*** DATA SHOWN Section Begins ***

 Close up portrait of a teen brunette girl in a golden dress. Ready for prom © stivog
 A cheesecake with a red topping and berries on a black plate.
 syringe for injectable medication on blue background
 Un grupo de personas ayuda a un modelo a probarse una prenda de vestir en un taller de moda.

*** DATA SHOWN Section Ends ***
*** DATA SHOWN Section Begins ***

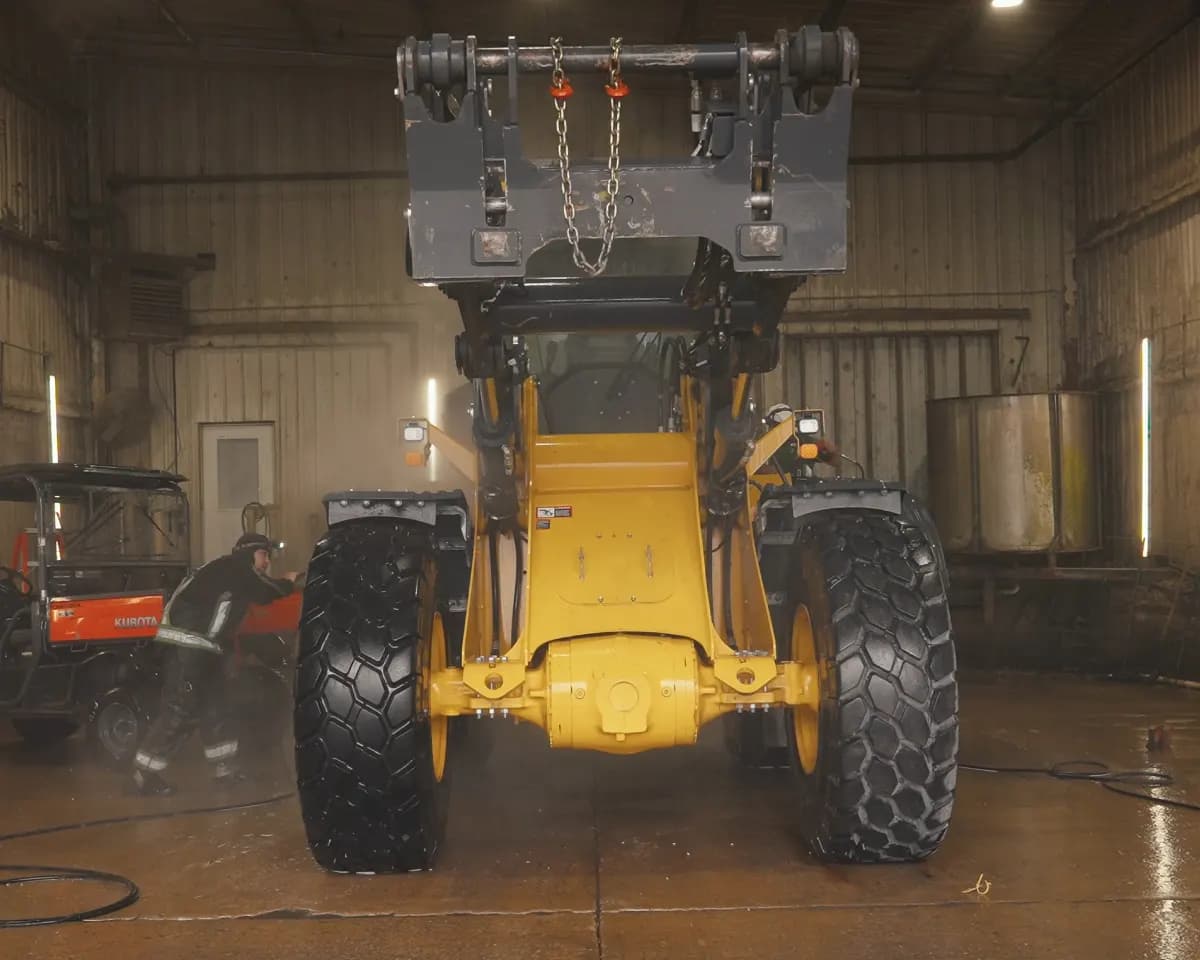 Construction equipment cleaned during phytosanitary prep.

*** DATA SHOWN Section Ends ***
*** DATA SHOWN Section Begins ***

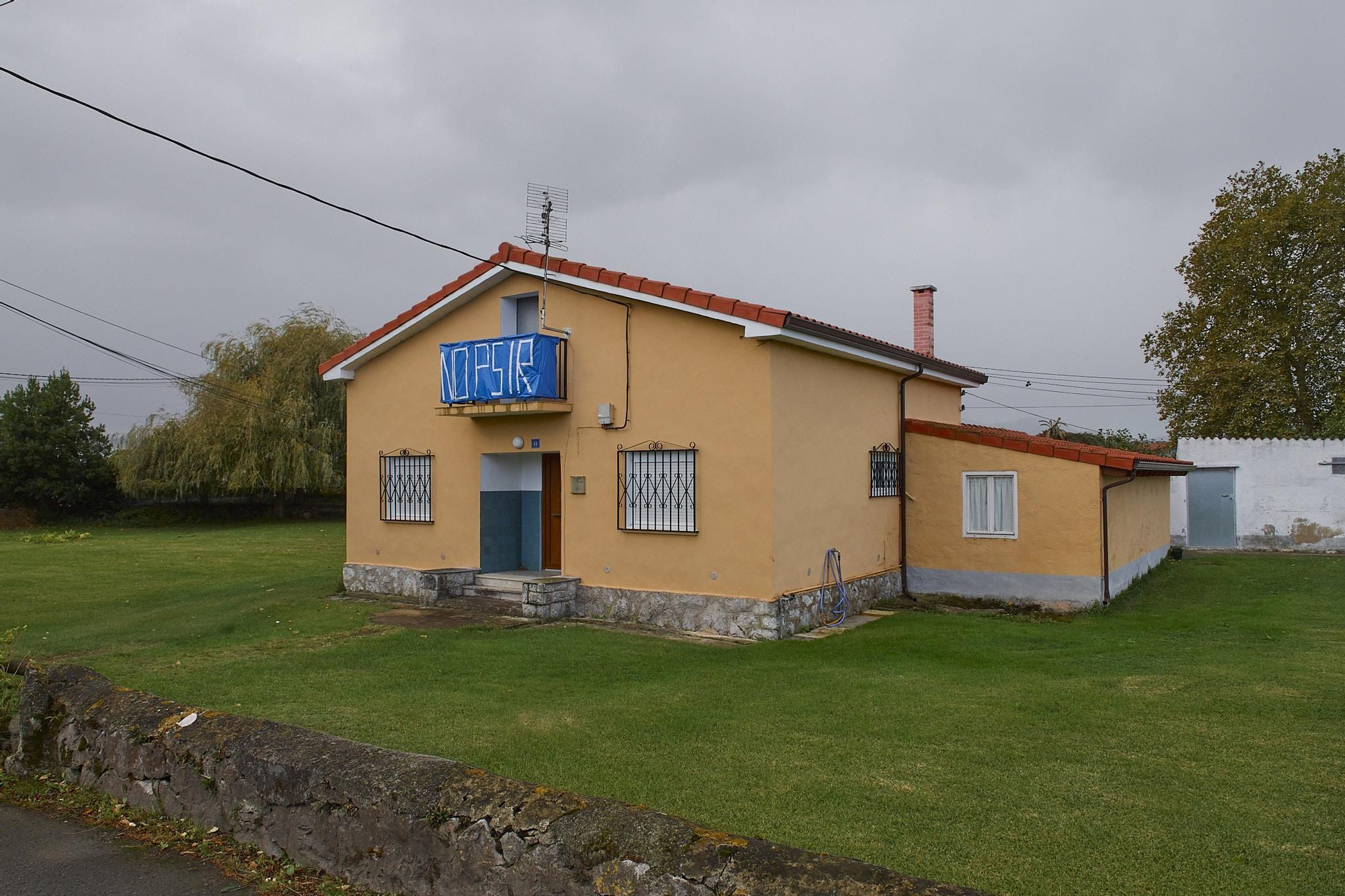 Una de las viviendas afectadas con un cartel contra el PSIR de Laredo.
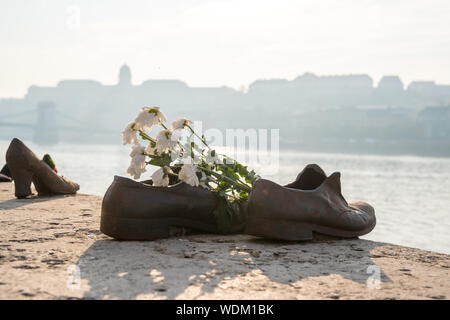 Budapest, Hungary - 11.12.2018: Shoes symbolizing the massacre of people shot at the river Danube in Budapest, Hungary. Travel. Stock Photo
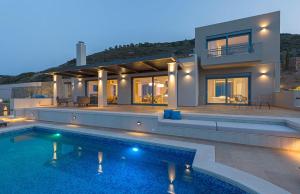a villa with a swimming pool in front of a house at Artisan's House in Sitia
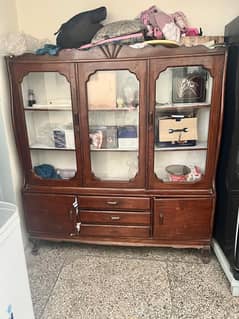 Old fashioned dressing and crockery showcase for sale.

*** DATA SHOWN Section Ends ***

ACTION ITEM
Retype the lines above exactly as they appear, from the line containing "a villa with" through the line containing "Old fashioned dressing", and leave out any pictures.

TASK RESPONSE
a villa with a swimming pool in front of a house at Artisan's House in Sitia
 Old fashioned dressing and crockery showcase for sale.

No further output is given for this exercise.